I would also look into habit stacking - are there other parts of your routine that tell her it’s time to sleep? For example, my DD (16m) has a bottle (cows milk), bath, gets into PJs then we have a cuddle and a story, in her room with the curtains closed and little light on, and I sing her her lullaby in the dark and put her into the cot, give her a kiss and say “it’s sleep time now”, and leave. The routine and the song all indicate ‘sleep time’ to her. So if you don’t have as many sleep associations, add some in like a song, special comforter, ‘sleep phrase’, really predictable routine so that she begins to associate these with going to sleep. Then, when you stop feeding her to sleep, she still has all those other associations so (though she won’t be happy) she will know it is sleep time.

You then need to decide what you want to do overnight - stop feeding altogether? Feed at specific intervals/times? If she is waking for a feed overnight at this age (and she has learnt to fall asleep by herself) then it is for comfort not a physical need, so you could stop feeding overnight. Some say it’s less confusing for the child if it’s just a flat ‘no’ at night, others prefer to stick with one or two feeds, so if she goes down at 7pm only feed at or after 11pm and then again at or after 3pm, for example. I found with my DD I had to stop feeds at night altogether to stop her from waking out of habit.
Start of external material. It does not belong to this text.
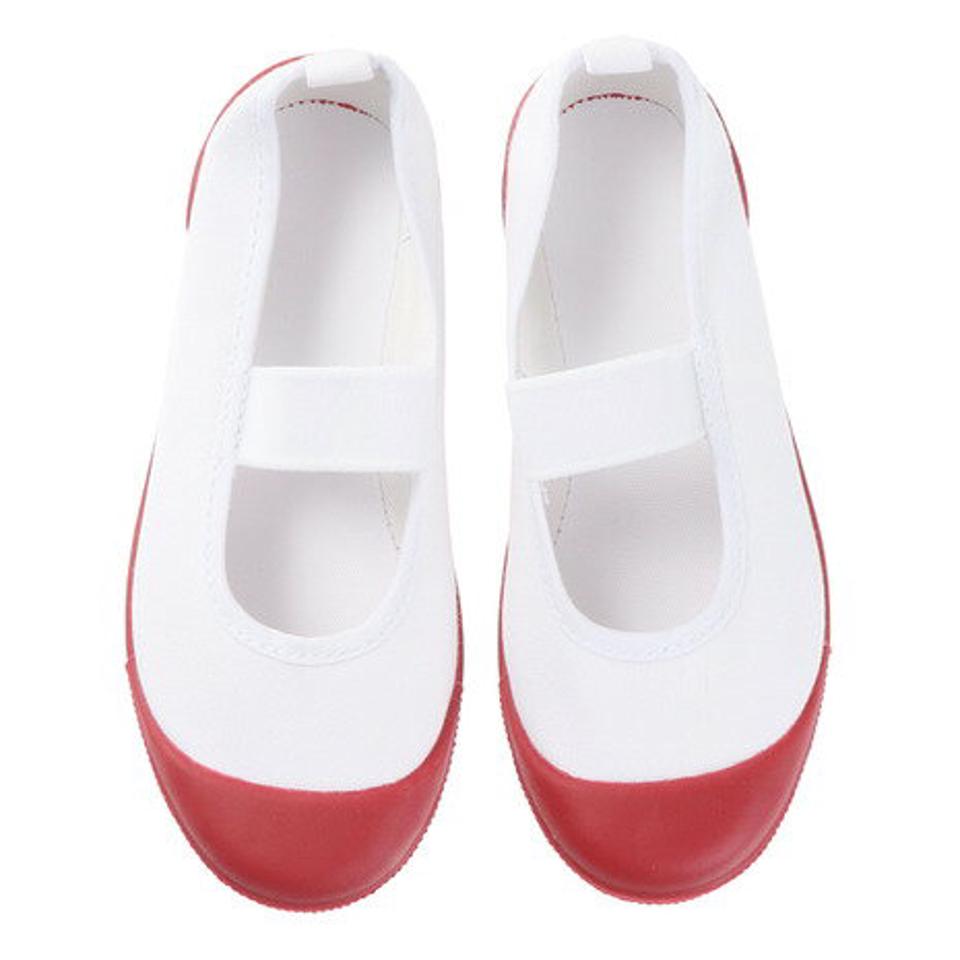 【ランニング対象品購入&エントリーでP10倍!8/19 20:00〜8/28 23:59】クー(Coo.) ジュニア 上履きRED 793Q8MF0680 室内シューズ (キッズ)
Whatever you decide to do, make sure you take time to come up with a plan you feel comfortable with, and then stick to it. I would suggest taking time off work and sorting some childcare for the days so you can look after yourself and catch up on sleep if you need to. If that’s possible, of course.

Gemjj14 · 13/11/2021 20:57

🤦🏻‍♀️ Rub salt in the wound

Latinorapida · 14/11/2021 21:32

Hi I’m in the exact same situation with my 14mo. Stopped checking the time every time he weeks up because it’s less depressing. My son feeds to sleep and more often than not sleeps with my boob firmly in his mouth and if not then I’m very close proximity to it. Lyndsey Hookway wrote that night weaning is better to do at 18mo because they’re ready by that point ? I can’t remember why but I’ve told myself that if the sleep doesn’t improve by the time he’s 18 months then I’m going to night wean as from what I’ve read of otter people’s experiences night weaning coincided with sleeping through.

I’ve just always given him boob at night (well he just helps himself) as it’s the quickest way to get back to sleep without me having to fully wake up and I’ve always worried that he’s not getting enough during the day (he feeds really sporadically during the day and appetite for solids is really up and down) so I don’t want to deprive him of the calories?? I don’t know if that’s a bit mad of me... (I had milk supply issues when he was a new born and for a few weeks he wasnt gaining a lot of weight so I think that’s stayed with me 😂)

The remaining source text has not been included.